福岡で自信満々だった大学生・伴省吾が、東京・六本木の超一流イタリアン「バッカナーレ」でプロの洗礼を浴びる。せきやてつじが描く、料理人たちの熱き成長物語。調理場を「戦場」と呼ぶほどの圧倒的なスピード感と緊張感。挫折、怒号、および情熱。未熟な「ひよっこ」が、厳しい厨房の荒波に揉まれながら、本物のプロへと脱皮していく姿を活写する！

## 良い所

- **厨房を「戦場」と呼ぶほどの圧倒的なスピード感と熱量**に、読んでいて心拍数が上がりました。伴が「クソタレが！」と歯を食いしばって理不尽に立ち向かう姿に、働くことの厳しさと誇りを教えられた気がします。
- プロの世界の**「通用しない」という残酷な現実を突きつけられる挫折の描写**が、身につまされるほどリアルです。そこから這い上がる伴の泥臭い成長に、自分も明日から頑張ろうという活力を何度ももらいました。
- イタリアンの調理工程が**流れるような筆致で描かれていて、シズル感が半端ない**です。怒号が飛び交う厨房の緊迫感の中で、最高の一皿を作り上げるプロたちの職人魂に、純粋に格好良さを感じて憧れました。
- **「ひよっこ」だった伴が、周囲に揉まれながら一人の男として自立していく過程**に深く感動しました。単なる料理漫画ではなく、組織の中でどう生きるか、プロとは何かを問い続ける骨太なお仕事漫画だと思います。
- 登場する**料理がどれも本当に美味しそうで、パスタの茹で加減まで伝わってくるような描写**が最高です。
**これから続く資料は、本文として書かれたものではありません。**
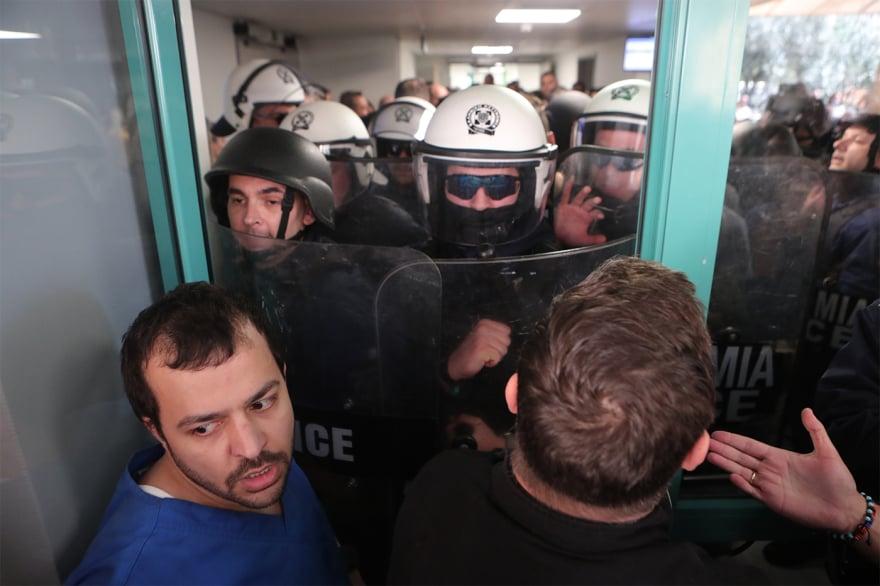 Ένταση και αποδοκιμασίες στο νοσοκομείο Νικαίας κατά την επίσκεψη Γεωργιάδη 5 nosokomeio nikaia 4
バッカナーレのスタッフたちの、厳しくも愛のある指導や絆の描き方も、仕事仲間の理想像として心に残っています。

## 悪い所

- **厨房内での先輩からの暴力や激しい恫喝シーン**がかなり多く、現代の感覚で読むと正直かなり引いてしまいました。体育会系の行き過ぎたノリが「教育」として描かれていることに、最後まで違和感が拭えませんでした。
- **初期の伴の傲慢で生意気すぎる態度**にイライラしてしまい、彼を応援できるようになるまで時間がかかりました。挫折が必要なのは分かりますが、鼻につく描写が多すぎて、最初は読むのが少し苦痛だったのが本音。
- **物語の後半、海外展開になってからの方向性の変化**に少し戸惑いました。初期の泥臭い厨房の奮闘が好きだったので、勝負事のような展開が増えたことで、お仕事漫画としてのリアリティが薄れたように感じて残念。
- **特定のキャラクターの理不尽な振るわせ**に救いがなく、読んでいて胸が苦しくなることがありました。仕事の厳しさを表現するためとはいえ、精神的に追い詰められる描写が続く回は、かなり気合を入れないと読めない。
- **パスタ場チーフとしての伴の葛藤**など、責任ある立場になってからの話をもっと深掘りしてほしかったです。物語全体として勢いはありますが、後半の人間関係の解釈が少し駆け足に感じられたのが個人的に惜しい。